With the growing issue of malicious software circulating on the Internet, it is becoming increasingly likely that anyone working in the computing industry will come across malware at some stage of their career.
It may be that you encounter malware in your job. A friend or family member may be infected and ask you to look at their system. It may even be that you're infected yourself. Whatever the reason for your interaction with a malicious piece of software, it is imperative you have a safe environment in which to conduct analysis.
This article aims to provide a valuable resource for anyone aiming to build a malware analysis lab and provide useful guidance of the type of platform to use and the types of software you may wish to utilise within your lab environment.

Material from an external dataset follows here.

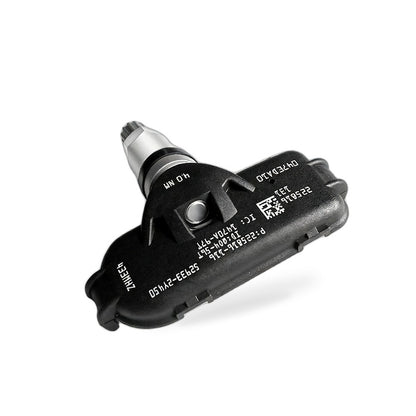 TPMS Tire Pressure Sensor Suitable for Hyundai Tucson Kia Sportage 529332Y450 - BD2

One of the first considerations you will have to make is what virtualisation software you will employ to provide the platform on which to create your lab.
In computing terms, virtualisation refers to the techniques and methods of emulating a physical system. This may encompass everything you encounter on your own system such as virtual hardware, storage devices, network resources and operating systems.
The theory is that a host PC, usually a physical system, can be used to run a guest operating system. This means that, if you run a Linux based host, you can run Microsoft Windows within your guest. It also means that the guest can utilise the physical resources of the host PC without ever being able to execute code that will endanger the host.
With regards to malware analysis, the reasons for wanting to do this are quite self-apparent. The most basic and high level reason for doing this, is to ensure that the malicious code you are analysing never touches your physical system so as to avoid infection.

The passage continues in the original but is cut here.